If I open any Finder window and choose Network from the Sidebar, the Network window opens properly and I can choose to access the other computer in the house.  

This happens on either computer - the Quicksilver G4 and the iBook 1.42 G4.  Both running 10.4.3.  Quicksilver is wired to the AirPort Extreme >> Modem.  iBook is connected via wifi.

Any ideas why the Finder window disappears?


----------



## LouisM (Feb 26, 2008)

I'm having this same problem exactly, with a G5 and now a G4 recently added, both running Tiger 10.4.11, both hardwired to Netgear router. The G4 sees the network via the go menu, but on the G5 Go menu, the network window flashes then disappears. using the sidebar is OK. I know I'm 2 years late, but did you find a reason?


----------



## popularmac (Oct 9, 2008)

when you go to the menu under go and you select network nothing happens....
well the fix is as follows:
Go to your Hard Drive -> Users -> UserName -> Library -> Preferences -> com.apple.finder.plist
Take the com.apple.finder.plist file and place it in the trash.
Restart your computer and your problem should go away.


----------



## maclix (Dec 28, 2010)

popularmac said:


> when you go to the menu under go and you select network nothing happens....
> well the fix is as follows:
> Go to your Hard Drive -> Users -> UserName -> Library -> Preferences -> com.apple.finder.plist
> Take the com.apple.finder.plist file and place it in the trash.
> Restart your computer and your problem should go away.

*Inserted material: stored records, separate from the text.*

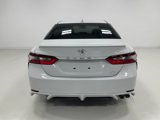Used 2023 Toyota Camry SE image 3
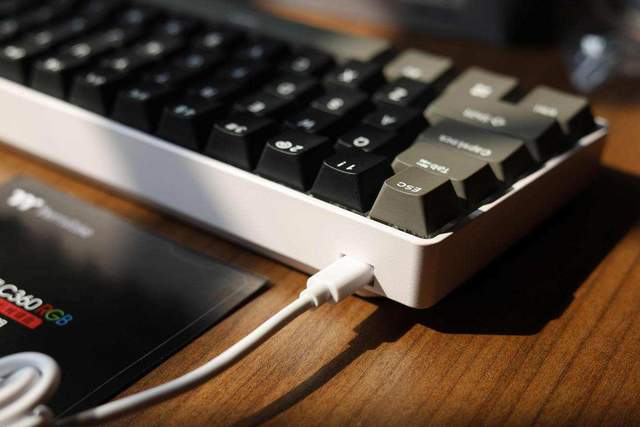 鼠标|TT领航员C360机械键盘+探索者X2鼠标,三模、RGB,想要的都有了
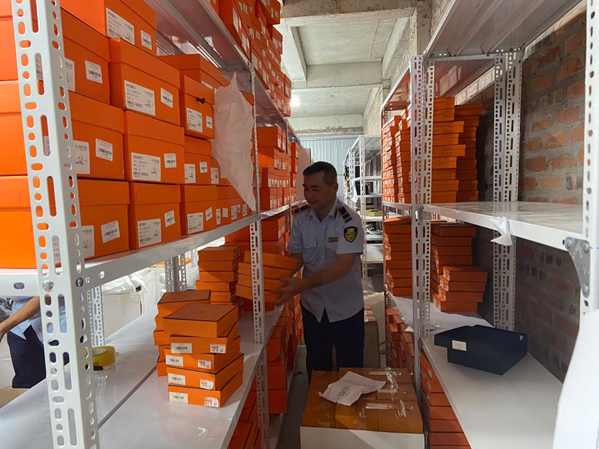 Kiểm tra, tạm giữ trên 9.000 sản phẩm giả mạo nhãn hiệu và hàng hóa không rõ nguồn gốc xuất xứ bán trên các nền tảng TMĐT Kiểm tra, tạm giữ trên 9.000 sản phẩm giả mạo nhãn hiệu và hàng hóa không rõ nguồn gốc xuất xứ bán trên các nền tảng TMĐT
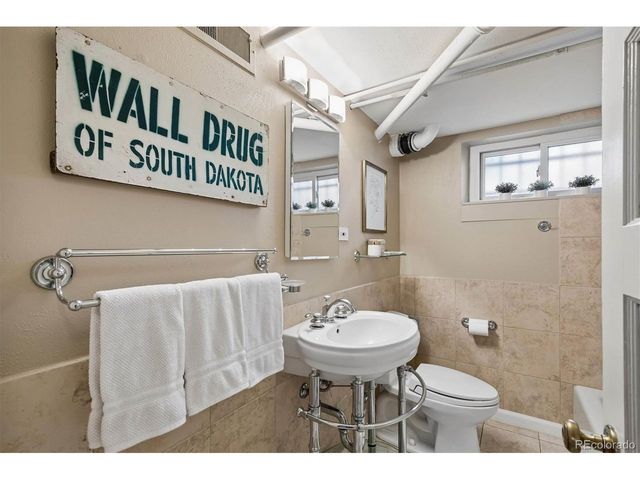 950 S Euclid Way, Denver, CO 80209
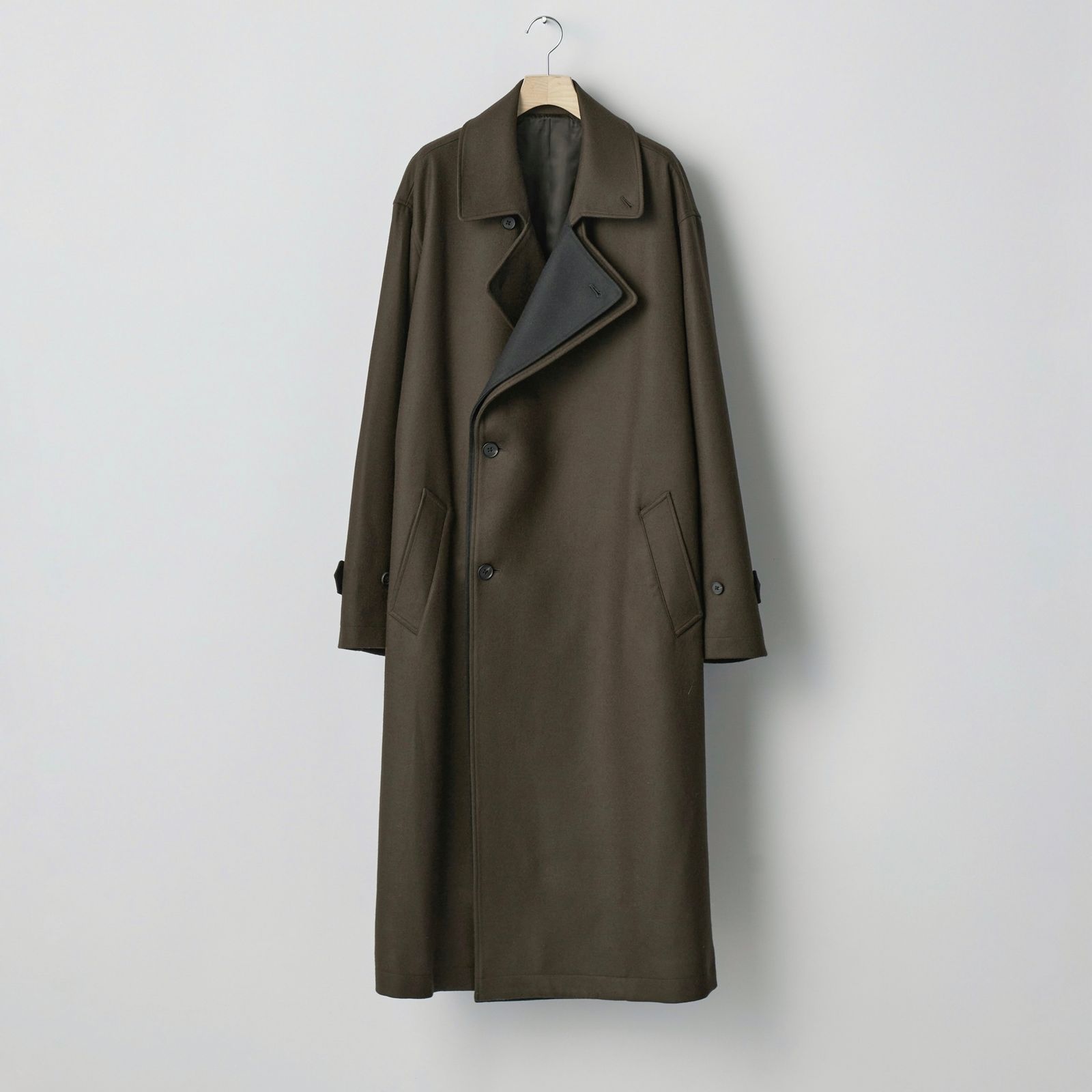 【残りわずか】Double Lapeled Double Breasted Coat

Thank You so much popularmac! All day I am trying to figure out why I don't have the 'connect to server' command in my Go Menu. Impossible to test the network that I am setting with my new PC in the other house. After deleting the preference file, and relaunching the Finder (You don't have to restart the machine but You can simply relaunch the Finder through the Force to Exit command in the Apple menu), the command that was lost is back! Great!


----------